Data excerpts below:
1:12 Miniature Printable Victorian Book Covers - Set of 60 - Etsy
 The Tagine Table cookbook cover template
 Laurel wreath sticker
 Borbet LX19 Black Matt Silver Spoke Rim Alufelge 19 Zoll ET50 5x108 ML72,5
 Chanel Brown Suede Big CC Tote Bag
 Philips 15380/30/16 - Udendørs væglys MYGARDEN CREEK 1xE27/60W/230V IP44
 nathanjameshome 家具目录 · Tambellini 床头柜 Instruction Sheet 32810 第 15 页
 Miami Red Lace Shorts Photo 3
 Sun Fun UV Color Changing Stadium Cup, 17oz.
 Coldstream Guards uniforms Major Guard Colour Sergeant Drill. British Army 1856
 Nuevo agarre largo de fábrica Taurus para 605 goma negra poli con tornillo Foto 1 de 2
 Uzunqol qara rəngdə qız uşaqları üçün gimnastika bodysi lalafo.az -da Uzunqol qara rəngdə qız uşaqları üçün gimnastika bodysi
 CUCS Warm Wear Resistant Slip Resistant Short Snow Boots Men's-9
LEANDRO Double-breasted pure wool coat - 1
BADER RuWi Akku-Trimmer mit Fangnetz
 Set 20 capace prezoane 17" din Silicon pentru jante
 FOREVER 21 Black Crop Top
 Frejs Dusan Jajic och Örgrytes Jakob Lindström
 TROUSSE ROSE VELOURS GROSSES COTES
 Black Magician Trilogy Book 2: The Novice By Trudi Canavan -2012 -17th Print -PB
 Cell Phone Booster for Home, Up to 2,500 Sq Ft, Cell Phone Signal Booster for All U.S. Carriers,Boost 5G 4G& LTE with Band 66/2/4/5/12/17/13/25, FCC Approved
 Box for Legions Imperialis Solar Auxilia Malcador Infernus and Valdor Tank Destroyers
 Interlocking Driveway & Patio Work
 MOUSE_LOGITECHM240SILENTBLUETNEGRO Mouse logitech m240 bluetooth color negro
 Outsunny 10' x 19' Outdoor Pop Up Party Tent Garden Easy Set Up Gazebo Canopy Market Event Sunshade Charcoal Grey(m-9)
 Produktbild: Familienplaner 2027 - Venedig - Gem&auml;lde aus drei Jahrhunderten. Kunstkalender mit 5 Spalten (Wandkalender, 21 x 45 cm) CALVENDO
End of Data excerpts.
**Exercise objective**
Among the records, find the lines that contain "Black" and copy each of them.

**Solution to the problem**
 Borbet LX19 Black Matt Silver Spoke Rim Alufelge 19 Zoll ET50 5x108 ML72,5
 FOREVER 21 Black Crop Top
 Black Magician Trilogy Book 2: The Novice By Trudi Canavan -2012 -17th Print -PB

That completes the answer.